--- WORKING DATA ---
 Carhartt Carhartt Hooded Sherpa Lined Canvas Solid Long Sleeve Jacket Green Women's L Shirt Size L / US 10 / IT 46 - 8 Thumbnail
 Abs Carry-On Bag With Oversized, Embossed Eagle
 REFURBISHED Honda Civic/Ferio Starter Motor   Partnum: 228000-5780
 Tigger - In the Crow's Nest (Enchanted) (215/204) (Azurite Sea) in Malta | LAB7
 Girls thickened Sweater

==

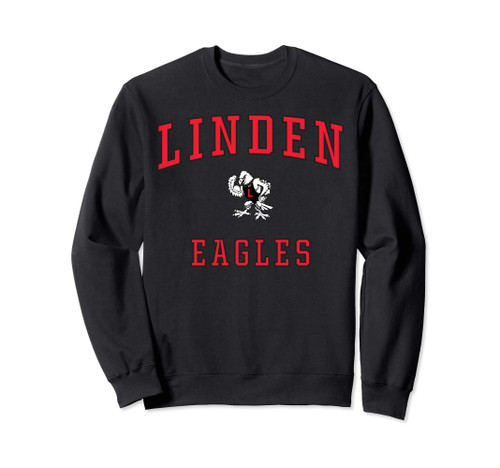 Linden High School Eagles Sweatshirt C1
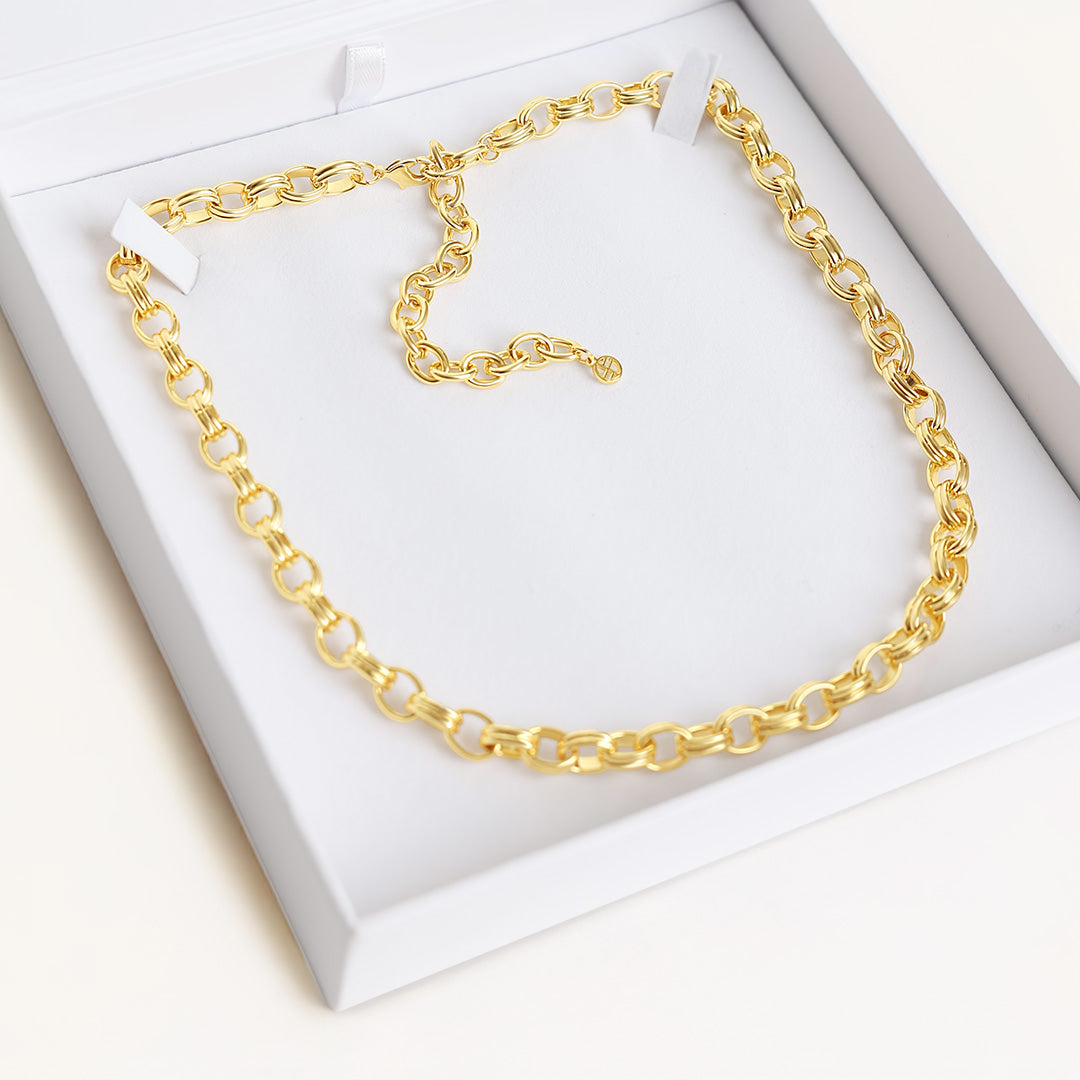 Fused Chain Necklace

--- ABOUT THIS EXERCISE ---
Reproduce word for word the material above, beginning with the line that contains "Carhartt Carhartt Hooded" and ending with the line that contains "Girls thickened Sweater".

--- WRITTEN REPLY ---
 Carhartt Carhartt Hooded Sherpa Lined Canvas Solid Long Sleeve Jacket Green Women's L Shirt Size L / US 10 / IT 46 - 8 Thumbnail
 Abs Carry-On Bag With Oversized, Embossed Eagle
 REFURBISHED Honda Civic/Ferio Starter Motor   Partnum: 228000-5780
 Tigger - In the Crow's Nest (Enchanted) (215/204) (Azurite Sea) in Malta | LAB7
 Girls thickened Sweater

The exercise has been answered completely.